Réunion du 9 juillet 2013 à 17h15
Commission d'enquête relative aux éventuels dysfonctionnements dans l'action du gouvernement et des services de l'État, entre le 4 décembre 2012 et le 2 avril 2013, dans la gestion d'une affaire qui a conduit à la démission d'un membre du gouvernement

Marie-Suzanne le Quéau, directrice des affaires criminelles et des grâces :

Le 6 décembre 2012, le directeur de cabinet en fonction à l'époque a transmis à ma direction la plainte déposée par M. Cahuzac sur le fondement que vous indiquez. Nous nous sommes rendu compte, à sa lecture, qu'elle était rédigée en termes confus. En effet, dès lors que M. Cahuzac et ses avocats déposaient plainte du chef de diffamation publique envers un particulier, l'article 32 de la loi du 29 juillet 1881 leur permettait de s'adresser au procureur de la République territorialement compétent. Mais ils ont eu recours à une autre règle procédurale, celle de l'article 48 1o bis de cette même loi, laquelle prévoit, pour les faits d'injure et de diffamation envers un membre du Gouvernement, que la plainte est adressée par le biais du ministre de la justice.

L'absence de clarté de la plainte nous a conduits à effectuer des recherches au sein de la Direction. Or, nous n'avons pas trouvé de jurisprudence excluant formellement le recours à l'article 48 en matière de diffamation publique commise envers un membre du Gouvernement pour des faits ne relevant pas de ses fonctions ministérielles.

Par ailleurs, si un ministre n'a pas de compétence liée en la matière, l'expérience montre que depuis plusieurs années, tous les ministres ont transmis au procureur général, pour le procureur de la République territorialement compétent, les plaintes qu'ils ont reçues sur le fondement du 1o bis de l'article 48. En effet, sans une transmission de la plainte, le ministre lui-même ne peut pas mettre en mouvement l'action publique, car il ne peut pas se constituer partie civile ni agir par voie de citation directe.

De surcroît, dans la mesure où la garde des sceaux a indiqué qu'elle n'interviendrait plus dans les affaires individuelles – et c'est le cas dans lequel nous nous trouvions –, la transmission s'imposait.

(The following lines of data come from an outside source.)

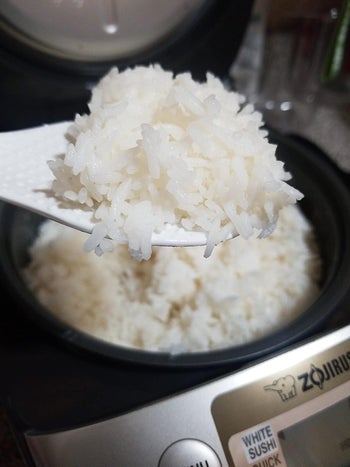 reviewer image of rice made in the rice cooker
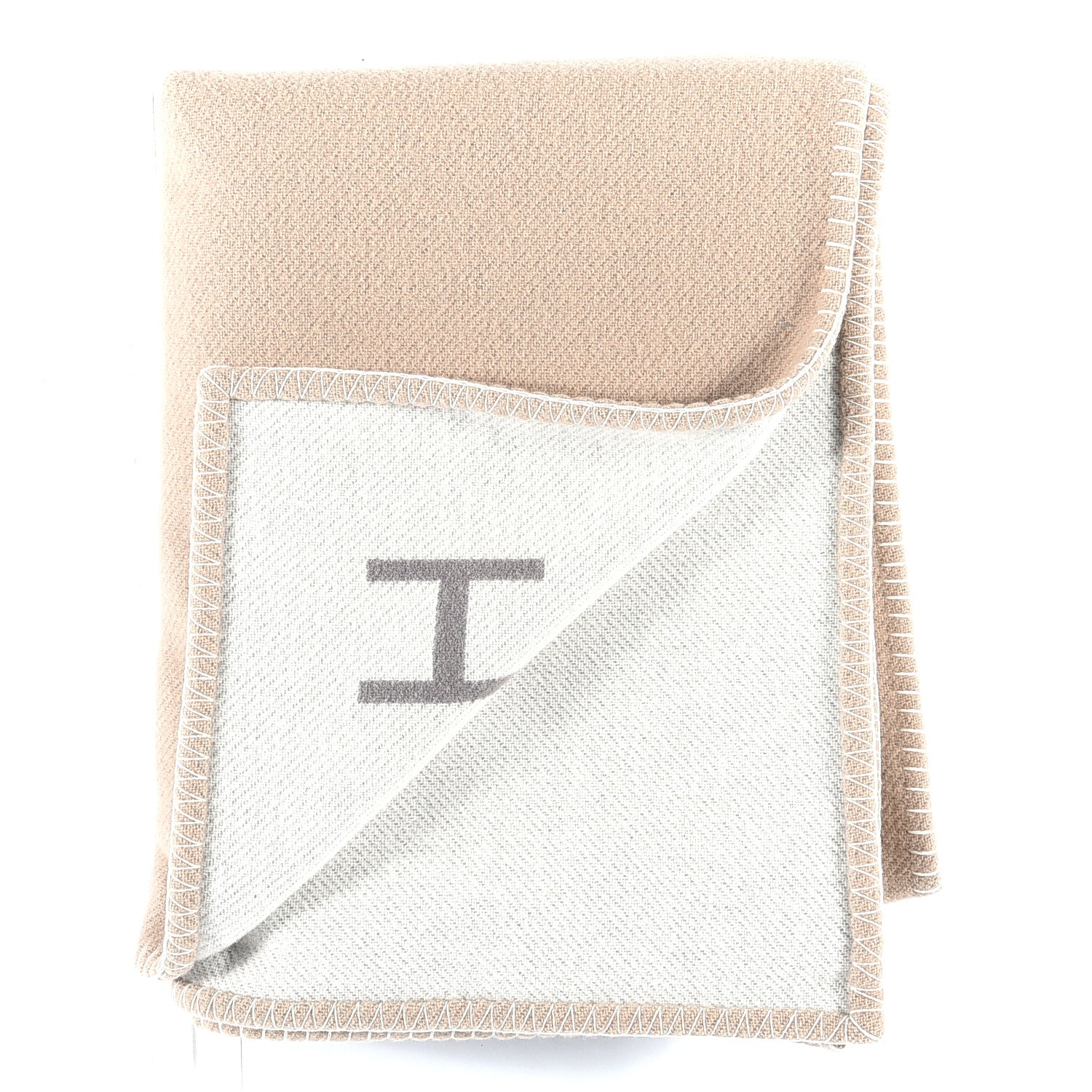 Hermes Wool Cashmere H Casaque Blanket Beige White 3 of 6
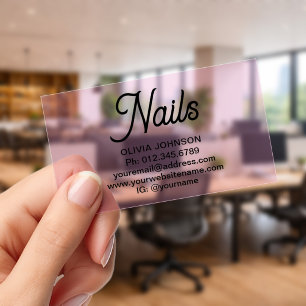 Nails Salon Modern Elegant Pink Transparent Clear Business Cards
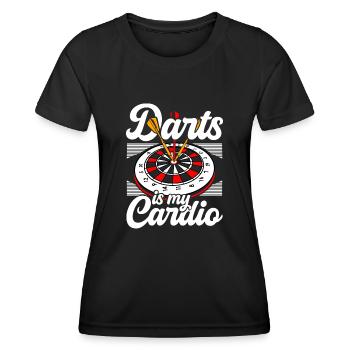 Darts is my cardio throwing darts dartboard - Women's Functional T-Shirt - black - Front - AI Model Female 172 light (172cm)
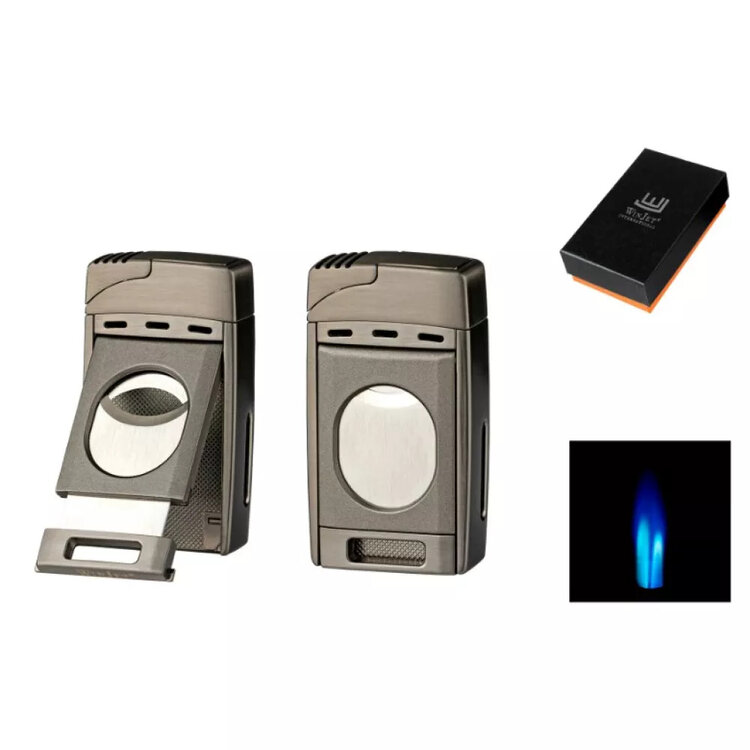 Winjet  Premium Feuerzeug 2xJet gun mit Cutter, Ring 58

Cela étant, le procureur de la République, qui prend en charge l'action publique, n'a pas de compétence liée en la matière. Il peut choisir de classer le dossier comme d'ouvrir une enquête. En l'espèce, c'est ce dernier choix qui a été effectué, mais le procureur de Paris a requalifié les faits en diffamation publique envers un particulier et saisi la BRDP, sur la base d'un soit transmis détaillé, pour mener les investigations. D'ailleurs, lorsque les journalistes de Mediapart ont été entendus par les services enquêteurs, ils ne l'ont pas été sur le fondement de l'article 31, mais sur celui de l'article 32, c'est-à-dire sur le chef de diffamation publique envers un particulier.